(UPDATE) Nueva Vizcaya village chief in mining row shot dead
By Melvin Gascon
Northern Luzon Bureau, Agence France-Presse
First Posted 11:08:00 05/30/2008
Filed Under: Environmental Issues, Protest, Local authorities, Mining and quarrying, Murder
CAMP SATURNINO DUMLAO, Nueva Vizcaya -- The chief of a remote upland village in Kasibu town was gunned down Thursday night after trying to mediate in a tax dispute between an Australian mining project and the provincial government, police said Friday.
Superintendent Domingo Lucas, acting provincial police director, said Paulino Baguilat, 55, village chief of Didipio, was shot and killed by unidentified assailants while on his way home to the village center.
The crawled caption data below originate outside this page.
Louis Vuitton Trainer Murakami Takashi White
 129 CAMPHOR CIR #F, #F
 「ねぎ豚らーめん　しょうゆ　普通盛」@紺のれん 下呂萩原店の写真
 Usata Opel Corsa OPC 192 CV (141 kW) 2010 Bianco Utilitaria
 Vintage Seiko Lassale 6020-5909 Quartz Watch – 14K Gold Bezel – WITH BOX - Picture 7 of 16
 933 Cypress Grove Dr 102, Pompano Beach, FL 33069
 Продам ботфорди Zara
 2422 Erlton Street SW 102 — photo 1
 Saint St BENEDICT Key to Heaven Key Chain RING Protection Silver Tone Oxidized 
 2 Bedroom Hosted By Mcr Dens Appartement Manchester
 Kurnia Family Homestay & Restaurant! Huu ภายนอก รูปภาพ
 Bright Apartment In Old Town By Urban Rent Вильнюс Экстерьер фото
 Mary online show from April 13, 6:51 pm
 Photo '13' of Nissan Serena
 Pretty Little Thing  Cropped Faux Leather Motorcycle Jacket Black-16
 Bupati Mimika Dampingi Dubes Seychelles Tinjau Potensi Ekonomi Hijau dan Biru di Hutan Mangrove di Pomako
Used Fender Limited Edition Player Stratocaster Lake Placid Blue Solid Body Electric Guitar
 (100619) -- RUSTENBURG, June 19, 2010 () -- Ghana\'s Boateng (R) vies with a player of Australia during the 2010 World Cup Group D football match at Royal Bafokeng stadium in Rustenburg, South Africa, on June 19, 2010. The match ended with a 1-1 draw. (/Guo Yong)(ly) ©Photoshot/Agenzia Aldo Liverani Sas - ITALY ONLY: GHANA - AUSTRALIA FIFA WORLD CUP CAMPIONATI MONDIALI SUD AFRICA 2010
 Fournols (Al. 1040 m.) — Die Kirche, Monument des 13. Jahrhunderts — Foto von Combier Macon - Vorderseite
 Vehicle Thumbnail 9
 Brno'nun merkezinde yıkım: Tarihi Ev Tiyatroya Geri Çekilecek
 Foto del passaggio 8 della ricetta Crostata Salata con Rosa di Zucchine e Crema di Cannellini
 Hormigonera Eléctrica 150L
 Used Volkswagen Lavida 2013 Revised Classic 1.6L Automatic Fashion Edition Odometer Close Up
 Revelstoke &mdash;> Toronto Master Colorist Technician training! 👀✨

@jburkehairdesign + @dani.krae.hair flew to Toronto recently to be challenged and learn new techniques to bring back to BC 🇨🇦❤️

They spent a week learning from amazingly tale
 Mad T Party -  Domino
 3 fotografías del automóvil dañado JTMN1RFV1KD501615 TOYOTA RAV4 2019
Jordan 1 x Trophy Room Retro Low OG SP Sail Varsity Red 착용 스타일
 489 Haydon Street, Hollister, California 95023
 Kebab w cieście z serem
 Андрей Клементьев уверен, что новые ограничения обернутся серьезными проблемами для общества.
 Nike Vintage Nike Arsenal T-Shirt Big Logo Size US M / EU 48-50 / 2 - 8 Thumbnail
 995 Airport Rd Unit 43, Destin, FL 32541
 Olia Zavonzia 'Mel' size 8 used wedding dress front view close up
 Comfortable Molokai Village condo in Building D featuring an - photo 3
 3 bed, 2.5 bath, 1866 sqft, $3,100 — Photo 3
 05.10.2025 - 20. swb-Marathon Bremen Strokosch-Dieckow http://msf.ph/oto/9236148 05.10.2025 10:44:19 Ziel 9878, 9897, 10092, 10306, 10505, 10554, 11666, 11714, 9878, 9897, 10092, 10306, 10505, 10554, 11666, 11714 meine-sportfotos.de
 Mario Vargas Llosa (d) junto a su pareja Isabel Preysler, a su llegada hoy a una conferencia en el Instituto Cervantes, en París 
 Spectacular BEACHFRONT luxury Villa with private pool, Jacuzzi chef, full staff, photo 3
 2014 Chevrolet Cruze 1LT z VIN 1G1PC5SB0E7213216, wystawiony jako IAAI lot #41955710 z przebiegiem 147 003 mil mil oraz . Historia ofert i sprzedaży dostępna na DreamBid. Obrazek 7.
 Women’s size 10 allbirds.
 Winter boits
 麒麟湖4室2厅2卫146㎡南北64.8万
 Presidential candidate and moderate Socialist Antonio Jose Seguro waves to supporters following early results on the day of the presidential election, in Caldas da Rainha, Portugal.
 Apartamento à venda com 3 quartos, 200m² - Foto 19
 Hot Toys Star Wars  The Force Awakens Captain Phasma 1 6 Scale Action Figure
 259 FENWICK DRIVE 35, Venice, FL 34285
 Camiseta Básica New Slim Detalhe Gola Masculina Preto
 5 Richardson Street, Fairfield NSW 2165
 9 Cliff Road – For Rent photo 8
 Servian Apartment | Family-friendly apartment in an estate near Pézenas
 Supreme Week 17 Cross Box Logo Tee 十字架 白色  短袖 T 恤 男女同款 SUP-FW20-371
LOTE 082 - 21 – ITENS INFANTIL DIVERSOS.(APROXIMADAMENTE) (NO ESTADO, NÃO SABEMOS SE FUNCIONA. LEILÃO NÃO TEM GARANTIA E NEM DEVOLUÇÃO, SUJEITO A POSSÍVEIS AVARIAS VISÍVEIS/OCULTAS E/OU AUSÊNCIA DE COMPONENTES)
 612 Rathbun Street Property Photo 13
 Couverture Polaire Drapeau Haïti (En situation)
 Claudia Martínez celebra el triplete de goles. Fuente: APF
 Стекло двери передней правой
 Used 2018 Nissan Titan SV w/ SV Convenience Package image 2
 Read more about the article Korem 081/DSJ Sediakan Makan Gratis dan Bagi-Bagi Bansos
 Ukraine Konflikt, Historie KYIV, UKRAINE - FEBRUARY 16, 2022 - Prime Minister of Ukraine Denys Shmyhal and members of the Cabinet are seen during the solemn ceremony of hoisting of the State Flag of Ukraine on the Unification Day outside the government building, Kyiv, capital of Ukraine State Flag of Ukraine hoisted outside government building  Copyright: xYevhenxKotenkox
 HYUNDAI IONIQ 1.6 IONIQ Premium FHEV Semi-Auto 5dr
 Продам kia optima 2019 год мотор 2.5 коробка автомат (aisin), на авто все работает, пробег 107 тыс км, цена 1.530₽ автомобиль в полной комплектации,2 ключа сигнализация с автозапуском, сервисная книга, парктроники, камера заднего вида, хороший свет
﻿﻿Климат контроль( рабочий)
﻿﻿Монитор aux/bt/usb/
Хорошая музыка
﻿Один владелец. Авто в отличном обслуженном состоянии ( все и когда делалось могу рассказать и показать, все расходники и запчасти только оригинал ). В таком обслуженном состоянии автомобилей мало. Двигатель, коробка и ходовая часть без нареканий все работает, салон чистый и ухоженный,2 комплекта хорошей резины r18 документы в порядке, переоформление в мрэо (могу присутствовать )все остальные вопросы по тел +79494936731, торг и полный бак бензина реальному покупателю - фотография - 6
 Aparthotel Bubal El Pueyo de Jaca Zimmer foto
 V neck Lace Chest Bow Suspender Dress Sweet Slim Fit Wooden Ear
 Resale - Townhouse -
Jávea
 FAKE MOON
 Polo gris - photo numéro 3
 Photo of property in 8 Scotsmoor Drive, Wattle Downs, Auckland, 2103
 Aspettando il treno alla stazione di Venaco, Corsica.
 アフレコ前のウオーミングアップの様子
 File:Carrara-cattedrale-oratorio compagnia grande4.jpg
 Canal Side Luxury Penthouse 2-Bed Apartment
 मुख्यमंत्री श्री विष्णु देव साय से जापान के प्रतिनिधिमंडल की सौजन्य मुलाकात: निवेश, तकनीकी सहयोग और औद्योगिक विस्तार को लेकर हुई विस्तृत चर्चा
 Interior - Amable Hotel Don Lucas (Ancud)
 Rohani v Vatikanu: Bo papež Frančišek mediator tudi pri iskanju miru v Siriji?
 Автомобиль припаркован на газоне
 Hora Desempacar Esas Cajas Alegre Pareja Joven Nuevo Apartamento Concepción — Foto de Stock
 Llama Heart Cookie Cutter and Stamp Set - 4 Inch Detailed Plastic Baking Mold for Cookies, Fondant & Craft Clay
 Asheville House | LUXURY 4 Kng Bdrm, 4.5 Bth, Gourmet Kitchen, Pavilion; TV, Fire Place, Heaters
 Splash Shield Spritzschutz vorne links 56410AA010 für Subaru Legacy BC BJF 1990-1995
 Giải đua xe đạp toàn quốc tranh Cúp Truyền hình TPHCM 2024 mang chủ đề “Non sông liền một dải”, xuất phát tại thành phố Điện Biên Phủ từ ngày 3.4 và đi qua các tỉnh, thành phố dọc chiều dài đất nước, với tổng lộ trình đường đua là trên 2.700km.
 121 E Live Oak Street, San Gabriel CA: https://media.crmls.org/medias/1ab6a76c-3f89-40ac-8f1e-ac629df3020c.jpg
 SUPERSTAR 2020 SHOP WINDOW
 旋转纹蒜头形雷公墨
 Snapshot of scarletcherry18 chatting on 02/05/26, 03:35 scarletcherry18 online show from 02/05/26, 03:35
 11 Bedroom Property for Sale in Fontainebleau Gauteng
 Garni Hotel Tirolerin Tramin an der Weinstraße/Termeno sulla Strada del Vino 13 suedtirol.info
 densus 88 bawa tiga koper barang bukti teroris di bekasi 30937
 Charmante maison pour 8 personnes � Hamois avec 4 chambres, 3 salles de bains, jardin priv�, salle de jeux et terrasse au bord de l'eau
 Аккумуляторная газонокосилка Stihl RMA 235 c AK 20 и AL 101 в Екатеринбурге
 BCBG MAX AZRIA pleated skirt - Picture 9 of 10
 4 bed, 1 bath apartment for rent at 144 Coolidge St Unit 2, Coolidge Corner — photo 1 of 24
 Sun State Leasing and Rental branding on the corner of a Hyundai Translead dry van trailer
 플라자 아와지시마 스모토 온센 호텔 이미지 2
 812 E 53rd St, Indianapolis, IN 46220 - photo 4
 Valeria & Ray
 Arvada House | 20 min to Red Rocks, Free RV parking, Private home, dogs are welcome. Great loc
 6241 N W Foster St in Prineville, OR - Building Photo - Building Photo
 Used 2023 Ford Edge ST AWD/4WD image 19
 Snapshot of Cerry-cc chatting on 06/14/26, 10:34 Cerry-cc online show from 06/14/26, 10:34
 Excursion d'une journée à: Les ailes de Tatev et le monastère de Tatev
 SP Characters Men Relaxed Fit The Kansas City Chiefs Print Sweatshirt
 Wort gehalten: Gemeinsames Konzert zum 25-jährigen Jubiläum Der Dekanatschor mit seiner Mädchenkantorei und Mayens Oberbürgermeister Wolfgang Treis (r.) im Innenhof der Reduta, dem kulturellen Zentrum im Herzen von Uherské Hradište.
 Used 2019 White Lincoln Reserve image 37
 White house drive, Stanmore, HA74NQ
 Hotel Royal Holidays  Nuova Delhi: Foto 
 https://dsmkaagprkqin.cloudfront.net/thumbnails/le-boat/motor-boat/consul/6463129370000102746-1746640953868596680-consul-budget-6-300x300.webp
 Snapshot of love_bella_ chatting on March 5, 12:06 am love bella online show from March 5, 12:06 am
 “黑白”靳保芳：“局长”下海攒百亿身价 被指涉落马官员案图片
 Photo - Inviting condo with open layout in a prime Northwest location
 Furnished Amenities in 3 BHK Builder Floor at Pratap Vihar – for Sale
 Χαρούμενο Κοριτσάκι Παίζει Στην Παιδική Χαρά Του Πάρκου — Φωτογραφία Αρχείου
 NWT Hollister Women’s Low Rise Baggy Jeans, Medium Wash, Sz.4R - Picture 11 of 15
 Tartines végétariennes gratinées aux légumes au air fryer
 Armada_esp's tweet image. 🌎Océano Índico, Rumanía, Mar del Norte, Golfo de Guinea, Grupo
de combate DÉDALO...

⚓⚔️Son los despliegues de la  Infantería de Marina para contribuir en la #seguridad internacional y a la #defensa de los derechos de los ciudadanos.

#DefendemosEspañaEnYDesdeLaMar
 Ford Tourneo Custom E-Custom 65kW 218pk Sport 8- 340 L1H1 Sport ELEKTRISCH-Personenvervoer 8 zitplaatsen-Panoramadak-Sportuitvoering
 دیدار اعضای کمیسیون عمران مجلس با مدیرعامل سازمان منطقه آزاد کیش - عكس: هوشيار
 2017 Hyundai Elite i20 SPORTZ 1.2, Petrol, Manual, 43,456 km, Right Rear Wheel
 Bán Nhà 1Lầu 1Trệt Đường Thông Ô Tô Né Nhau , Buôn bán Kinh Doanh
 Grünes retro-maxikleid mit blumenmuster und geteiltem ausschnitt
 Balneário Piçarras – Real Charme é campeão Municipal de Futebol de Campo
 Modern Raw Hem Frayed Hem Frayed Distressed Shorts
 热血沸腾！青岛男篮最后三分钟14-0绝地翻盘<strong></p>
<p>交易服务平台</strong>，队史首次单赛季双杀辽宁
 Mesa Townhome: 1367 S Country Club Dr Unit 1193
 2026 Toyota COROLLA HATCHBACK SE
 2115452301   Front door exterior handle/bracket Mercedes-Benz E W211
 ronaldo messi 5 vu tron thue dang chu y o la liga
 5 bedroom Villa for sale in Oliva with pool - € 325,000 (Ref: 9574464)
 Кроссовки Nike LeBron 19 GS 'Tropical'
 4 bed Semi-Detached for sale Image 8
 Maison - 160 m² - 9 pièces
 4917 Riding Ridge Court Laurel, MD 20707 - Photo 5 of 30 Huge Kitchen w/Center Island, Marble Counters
His bloodied body was found by neighbors late Thursday in a forest between the hamlet and the mine.
Lucas and a police team went to Didipio on Friday to investigate the crime.
Didipio, a village of about 200 residents, has been deeply divided due to the large-scale mining project being proposed in the area by Australian firm OceanaGold Philippines Inc.
Chief Inspector Peter Cambri told Agence France-Presse (AFP) authorities were checking whether the killing was linked to the mine dispute.
Baguilat, who used to work as a community relations officer of the firm, had been supporting the project but faced stiff opposition from a majority of the Didipio village council.
The victim's wife, Elma Baguilat, suggested to AFP she knew why her husband was killed, but added: "Speaking out here is dangerous."
Provincial government officials had arrived at the minesite Thursday with orders to shut it down from Nueva Vizcaya Governor Luisa Cuaresma, who alleges the local administration is owed local taxes and quarrying fees, according to Oceana Gold.
The minesite manager rejected the order, citing a ruling last week by the national government that the Nueva Vizcaya tax demand was illegal, the mine's assistant general manager Gil Maglaque told AFP.
Oceana Gold officials and the governor's representatives then held talks at the Didipio village hall with Baguilat as mediator.
But the talks were inconclusive and the local officials left after failing to shut down the mine, Maglaque added.
The $320-million Didipio project, in a mountain range near Kasibu, north of Manila, employs many of Baguilat's neighbors for mine construction activities ahead of production, which is scheduled to start in 2010.
Baguilat was also a former Oceana Gold employee who quit last year to run for public office, his widow said.
Oceana Gold describes the deposits as "one of the highest grade gold-copper porphyries in the world," and the Philippine government is expecting some 700 million dollars in tax revenues over the mine's life span.
Manila expects the mining sector to grow five-fold in the next four years, with cumulative new investments expected to rise to 10.4 billion dollars by 2011.